Having been governor from 2007 to 2010 before he was ousted by the Court of Appeal, which emplaced Fayemi in his stead, he has intimidating pedigree and credentials of performance, especially in the building of road and other sophisticated infrastructure. The consensus in Ekiti is that Oni is prudent in the management of public finance.
He did not deploy public office for personal aggrandizement. There was no record that he diverted or laundered the funds of Ekiti State; he did not use state funds to acquire property anywhere in the world. His hands were not caught in the cookie jar of crime. Like Caesar’s wife, he was above suspicion and reproach in financial matters. He is an omoluabi (a well brought up and thoroughbred child) who is committed to the uplift of the society for the general good.

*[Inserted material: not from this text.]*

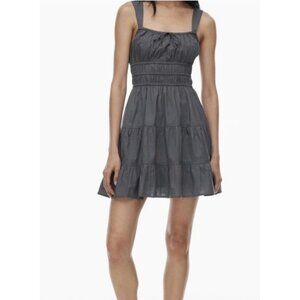 Sunday Best Aritzia Martine Poplin Gray Babydoll‎ Bubble Mini Dress SM sundress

What was fundamental to him and his government while in the saddle was the development of Ekiti as well as the security and welfare of the people, which he related with as “the directive principle of state policy.” That did not detract from the thrust of his original agenda for Ekiti when, ahead of the governorship primaries of his then party, he single-mindedly sold his aspiration to Ekiti sons and daughters both at home and in the Diaspora, which they bought into.

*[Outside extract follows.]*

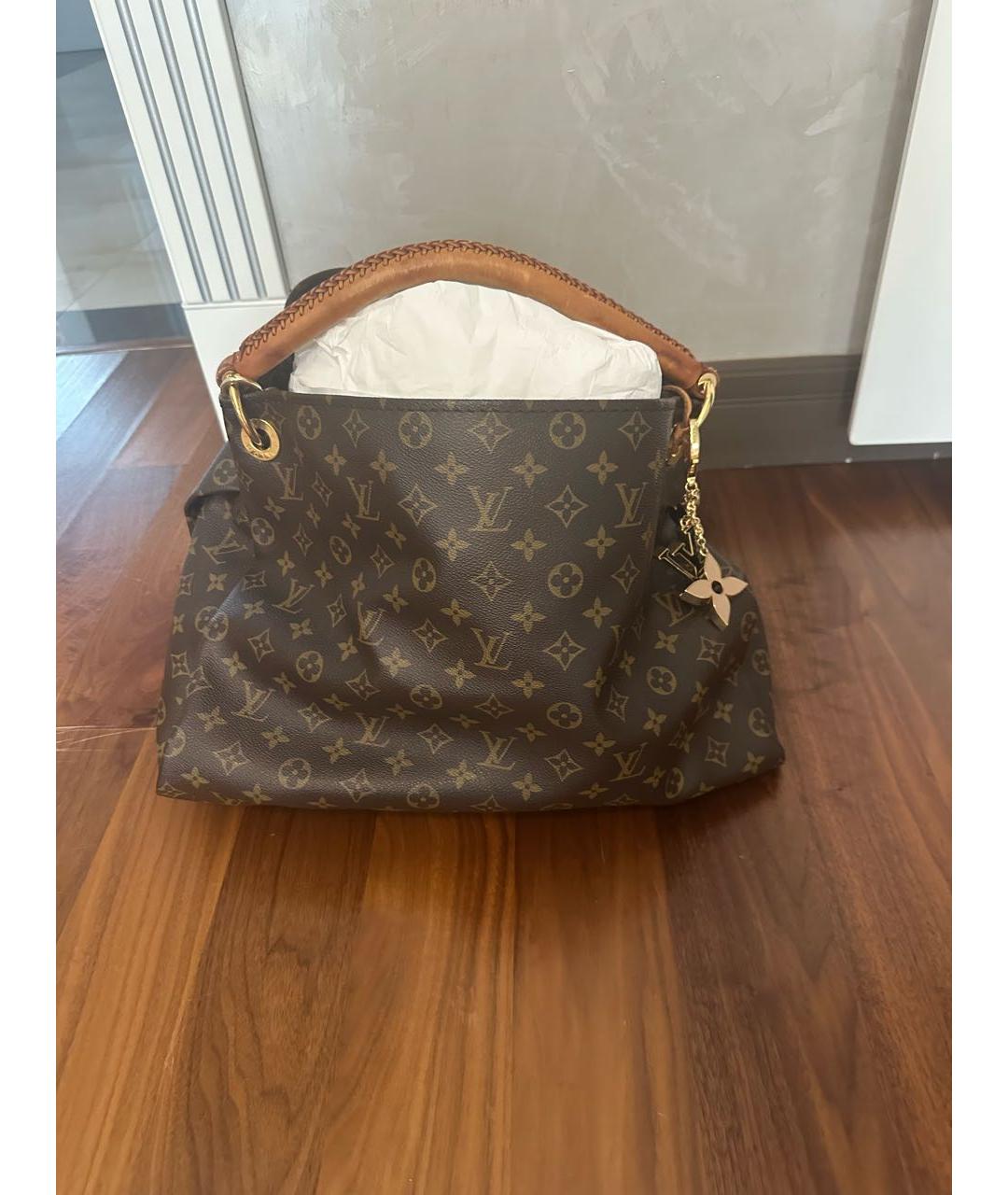 LOUIS VUITTON Коричневая кожаная дорожная/спортивная сумка, фото 5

But for the interregnum, which he was made to experience due to the Court of Appeal verdict, he possibly would have finished his two terms as governor on the PDP platform in 2015. The interruption terminated an era of sophisticated and ingenious leadership that was quietly making things happen in the state. He was not standoffish like Fayemi, neither was he loud like Fayose. Interesting, he is much older than both and, of course, calmer, wiser and more judicious. This time round, he must be voluble on achievements if providence thrusts him back to power.

The head-start that he has ahead 2018 is multifarious. First, he has been there before and he knows the terrain better than any other aspirant who has not been there. He is no stranger to the people. He had traversed the length and breath, every nook and cranny of the state in 2007 and while in office up until 2010, delivering on project development as promised during his electioneering. His blue-print for development will still suffice, possibly with little input and modifications here and there.

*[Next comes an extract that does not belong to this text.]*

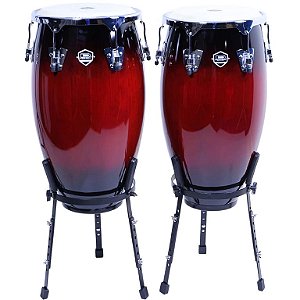 Conga Par D-One Columbia 11¾" e 12½" Red Black Burst c/ Estante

Perhaps, another issue that is likely to work in his favour is his political relationship across the divides of the state. He has massive networks in the APC, just as he has former loyalists who worked with and for him while in the PDP who would, because of pristine affection that is rooted in the not-too-distant past, endorse his candidature in the event Fayose makes a faux-pas of presenting an unpopular candidate or decides to foist on his party a candidate through a compromised process.

Overall, the Ekiti governorship contestation in 2018 will be very interesting to the extent that APC and the PDP are ready to make it so. If well advised, APC should weigh in with Segun Oni, whose second coming, will not only excite the polity but will also define the shape and texture of the contest. And since Fayose represents the best the PDP can offer in Ekiti in terms of populist politics, it will be interesting to know the candidate he will produce to sustain his kind of politics and governance method.